■ Exercise description:
Pictures aside, reproduce exactly and only the lines from the one containing "Loose fit ruffle tie blouse ivory - fasfas" through the end of the records.

Stored entries
============================================================
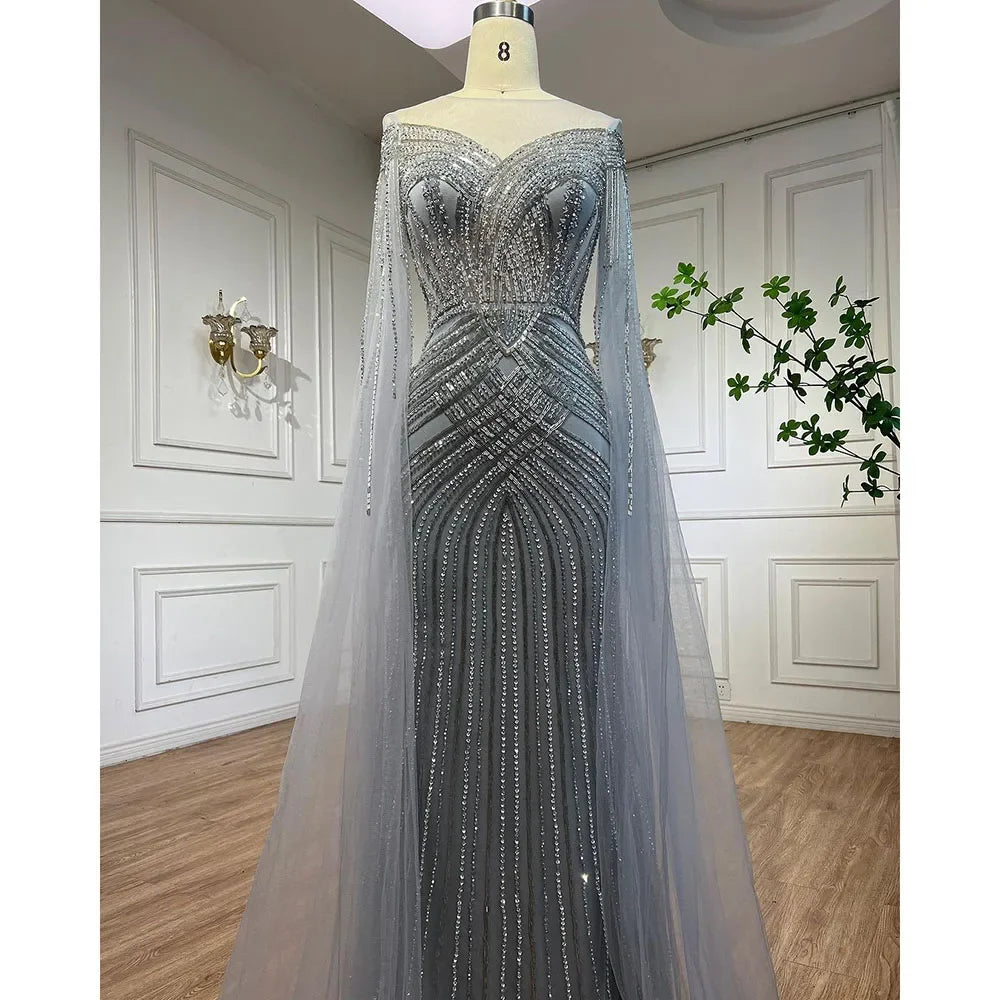 Serene Hill Nude Arabic Mermaid Cape Sleeves O-neck Beaded Evening Dresses Luxury Gowns 2025 For Women Wedding Party LA72012 - SERENE HILL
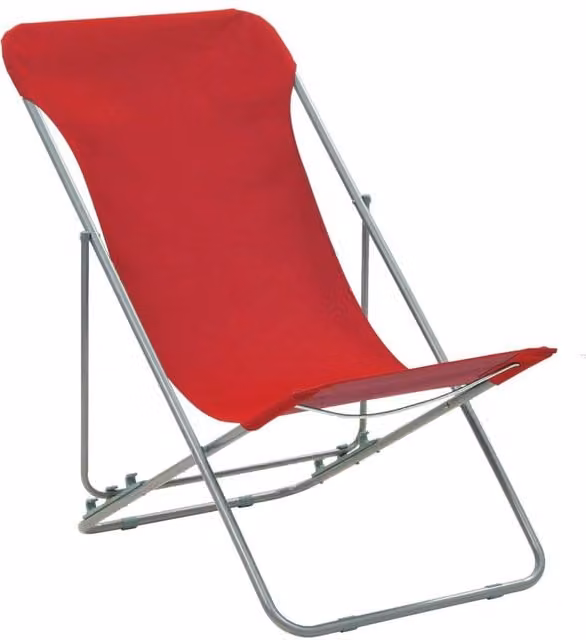 Berkfield Home Set of 2 Folding Beach Chairs in Red with Powder Coated Steel and Oxford Fabric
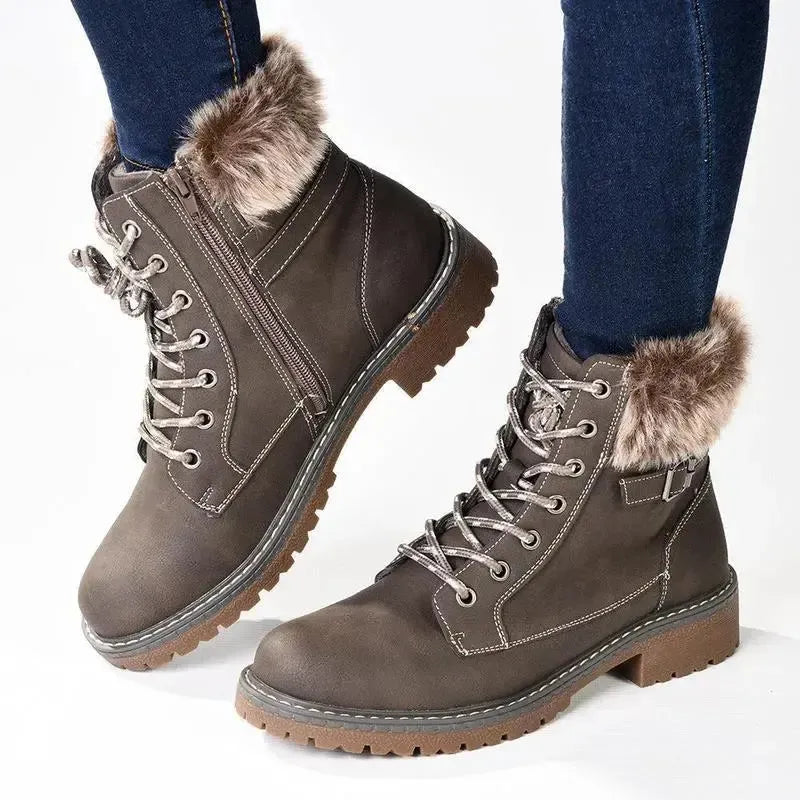 Madison Jordan Fur Collar Boot - Charcoal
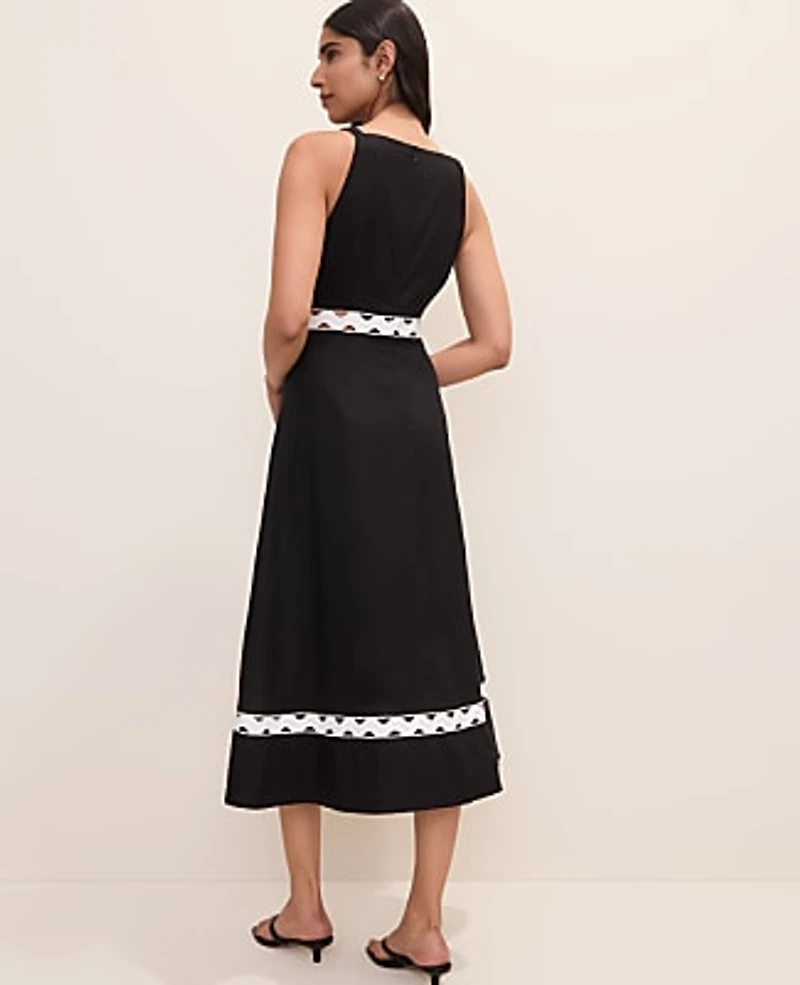 Ann Taylor Petite Halter Midi Dress Linen Blend Black Women's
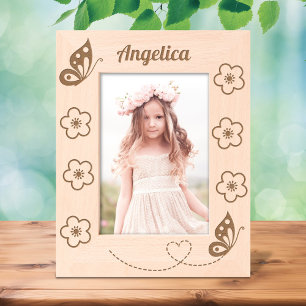 Butterflies and Flowers Custom Name 5x7 Etched Frames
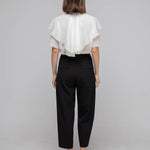 Loose fit ruffle tie blouse ivory - fasfas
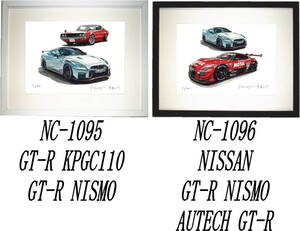 NC-1095スカイラインGT-R・NC-1096 MOTUL AUTECH GT-R限定版画300部 直筆サイン有 額装済●作家 平右ヱ門 希望ナンバーをお選びください。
============================================================
■ Result for this task:
 Loose fit ruffle tie blouse ivory - fasfas
 NC-1095スカイラインGT-R・NC-1096 MOTUL AUTECH GT-R限定版画300部 直筆サイン有 額装済●作家 平右ヱ門 希望ナンバーをお選びください。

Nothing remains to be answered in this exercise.